Saturday, March 13, 2010

Madras Day celebrations -"Chennai Heritage Talk'

Online edition of India's National NewspaperThursday, Aug 20, 2009

Muslims’ contribution is part of Madras history”
Staff Reporter
Researcher highlights peaceful coexistence of Hindus and Muslims
— Photo: R.Ragu LAUDING SCHOLAR: Prince of Arcot Nawab Mohammed Abdul Ali (left), presents a memento to S.Anvar, researcher and historian, at a presentation on ‘Mosques and Muslims of Madras’ in Chennai on Wednesday.

CHENNAI: While talking about the history of Madras, the history of Muslims and the contribution that they have made to the city is never spoken about, said S. Anvar, researcher and historian. The fact that the city has contributed a lot to Urdu literature has been completely forgotten. The city’s great tradition of Hindustani music also goes unsung, he added. He was speaking at a presentation on ‘Mosques and Muslims of Madras’ which was held at the Amir Mahal here as part of the ‘Madras Week’ celebrations on Wednesday.

To give some background to the Muslim presence in the city, he traced the route taken by early Arab traders who came to south India along the spice route and presented evidence to show that there was a sizeable Muslim population in the South as far back as the 7th century.

He said that there was a long history of peaceful co-existence between the Hindus and the Muslims which has been completely forgotten, and cited many examples of Muslim kings granting lands to temples and Hindu kings providing patronage for the construction of mosques.
“The first mosque to come up in Madras was built by a Hindu, Kasi Veeranna, also known as Cassa Verona. East India Company records show that he also had the alias Hasan Khan. That is our real past and tradition,” Mr.Anvar said.

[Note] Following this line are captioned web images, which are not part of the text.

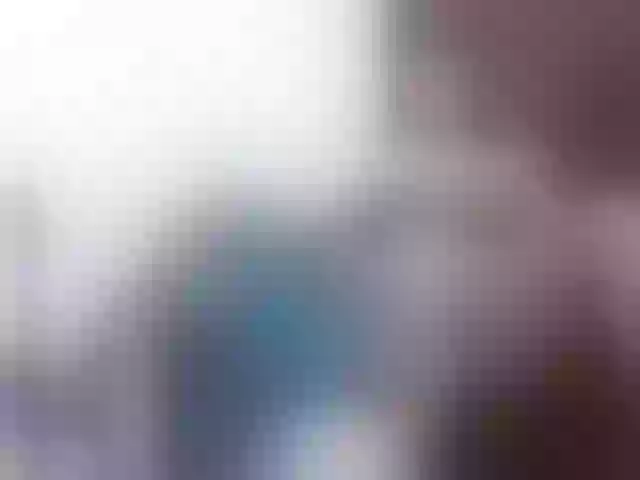Live sex webcam photo for wondergirls6 #272782817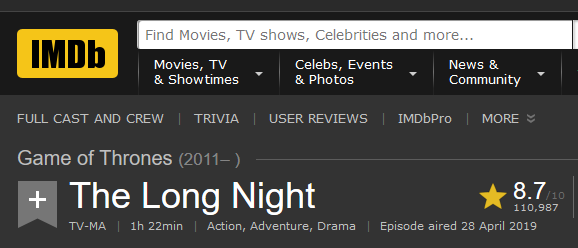 Screenshot_2019-05-04  Game of Thrones The Long Night (TV Episode 2019) - IMDb.png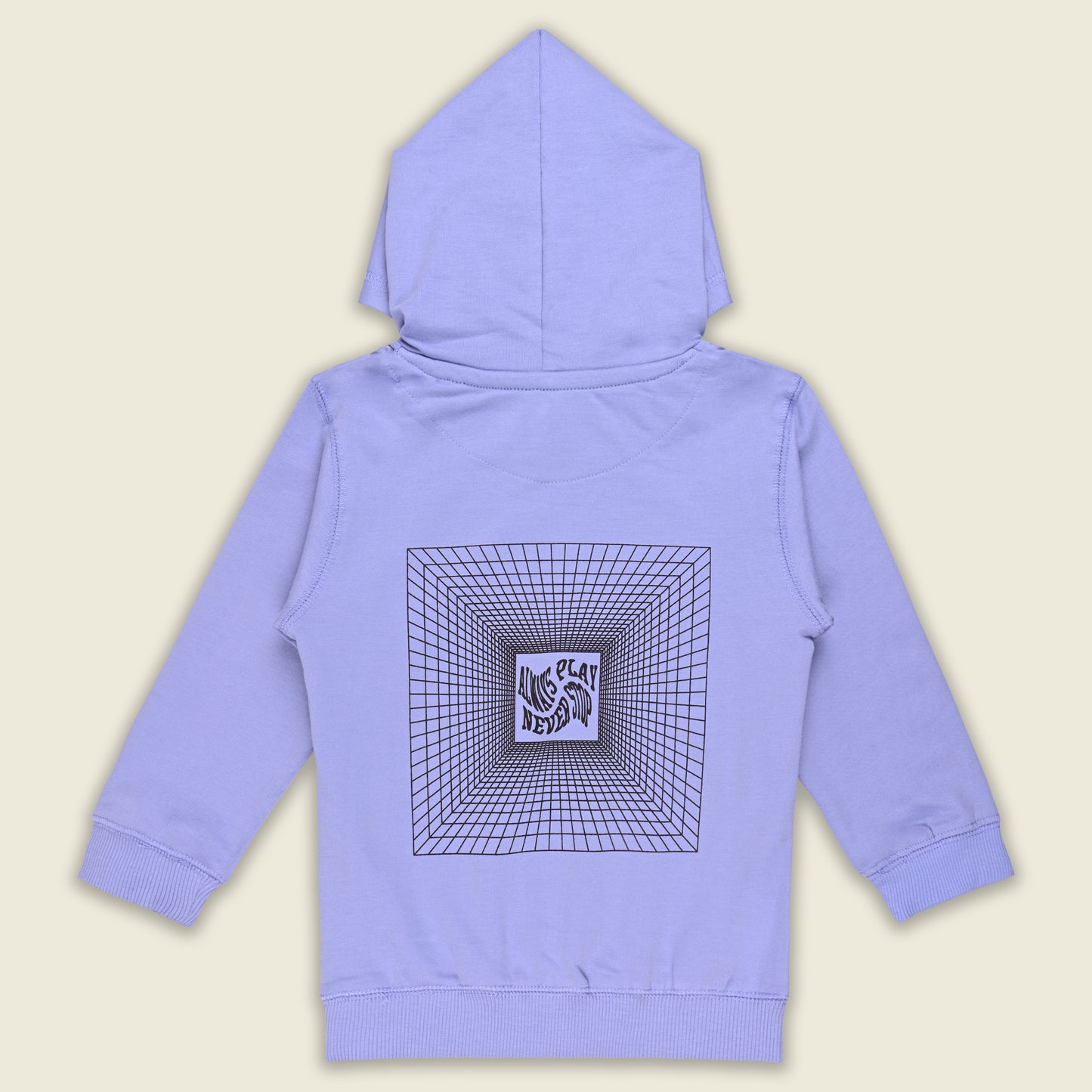 Buy Unisex Cotton Sweatshirt | Best Hoodies for Baby Boys Online | Kids Hoodies Under 699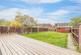 Additional image 19 of Cippenham Lane, Cippenham SL1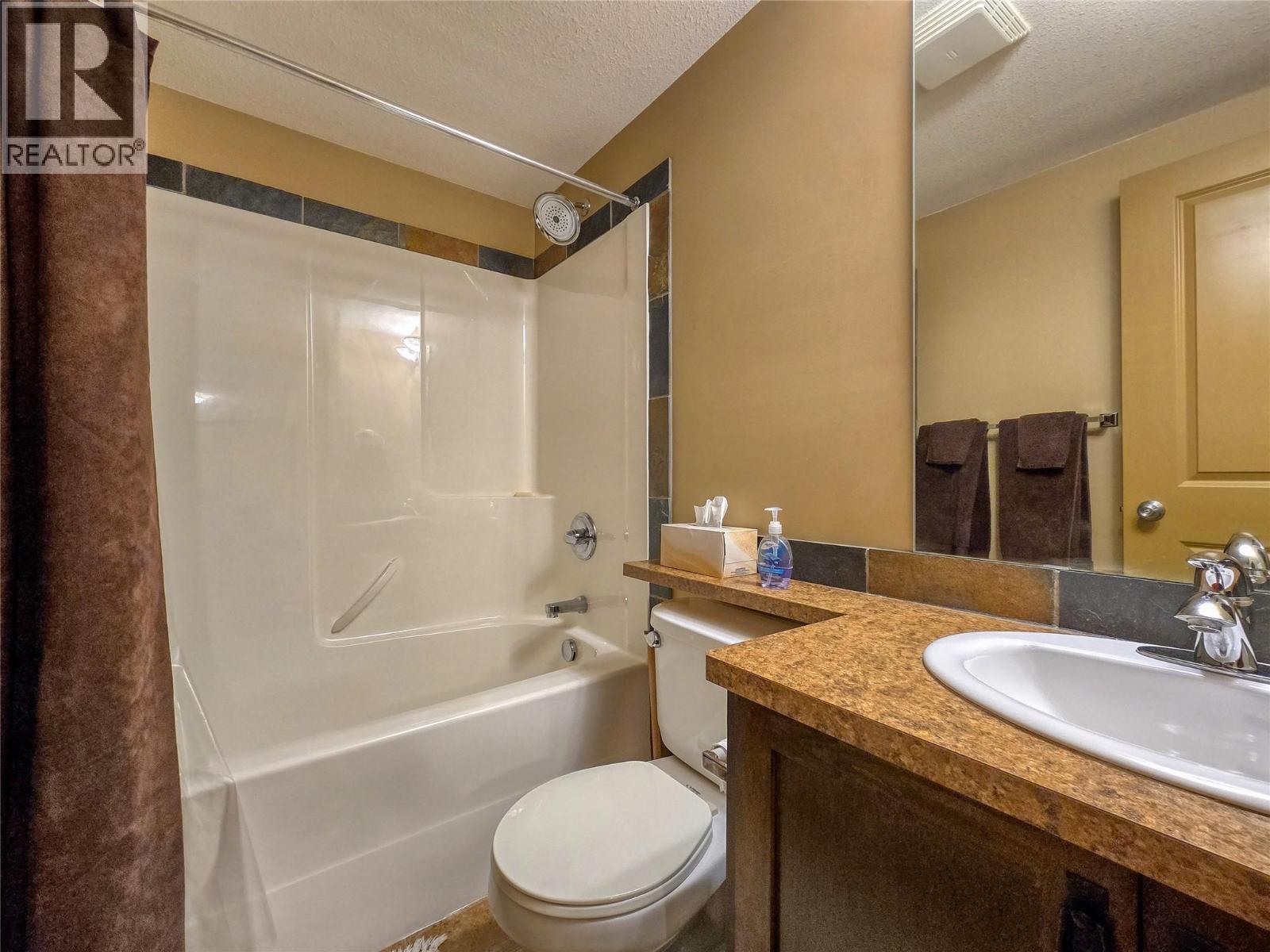 4874 Stanley Street Unit# 2210, Radium Hot Springs, British Columbia  V0A 1M0 - Photo 23 - 10371188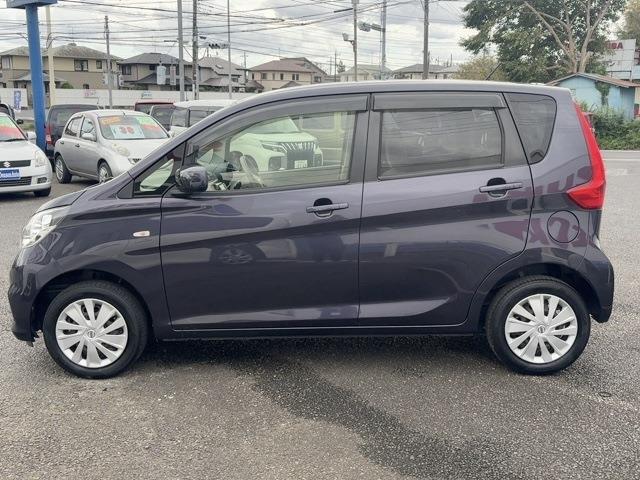 日産 デイズ ６６０ Ｊ H29年 () 99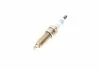 Свеча зажигания YR7SII33U IRIDIUM (KIA OPTIMA 2.0 12-) (пр-во) BOSCH 0 242 135 548 (фото 3)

The temple tank of the Kapaleeswarar temple was gifted by one of the Nawabs of Arcot and his only request from the temple authorities was to let Muslims use it one day every year during Ramzan. “This continues even today, two centuries after the temple was built,” he said.

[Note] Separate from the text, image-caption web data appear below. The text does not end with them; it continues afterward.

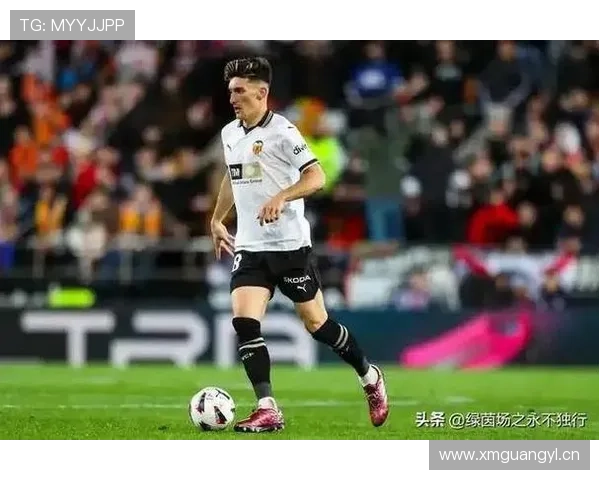 罗德里数据不显眼的战术角色与中场结构解析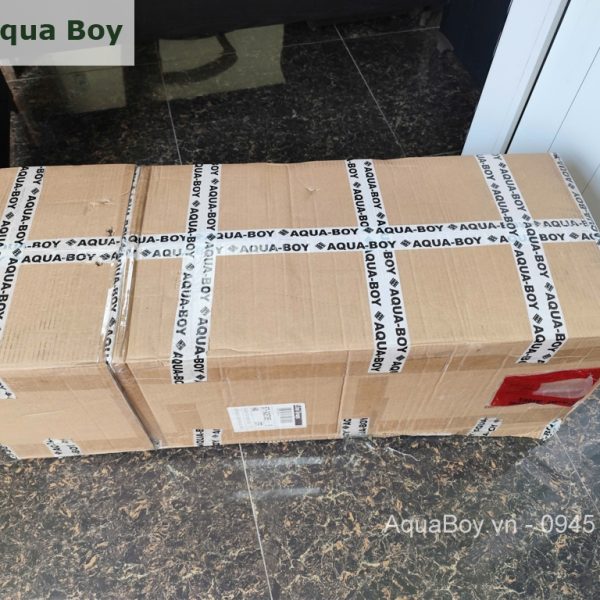 Aqua boy.vn mvtek.vn 354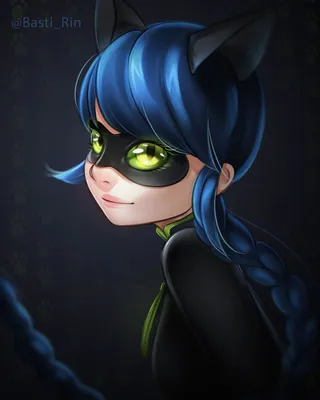 Mika Artistes - Lady Noire || Miraculous Ladybug - - - #miraculousladybug  #miraculous #ladynoir #Ladynoire #misterbug #ladybug #chatnoir #animedrow  #draw #art #illustration #dibujo #dibujodigital #artedigital #digital  #digitaldrawing #anime #fanart ...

According to him, much of the divides we face in our society today stems from the misunderstanding the Europeans brought with them. “Their monolithic culture and religion could never comprehend the diversity of India and we are paying the price for it,” he said.
He also gave a brief summary about some of the significant architectural contributions made by Muslims in the city such as the Saidapet mosque, the Wallajah mosque, the Masjid-o-Anwari and the Chepauk palace. Prince of Arcot Nawab Mohammed Abdul Ali introduced the speaker.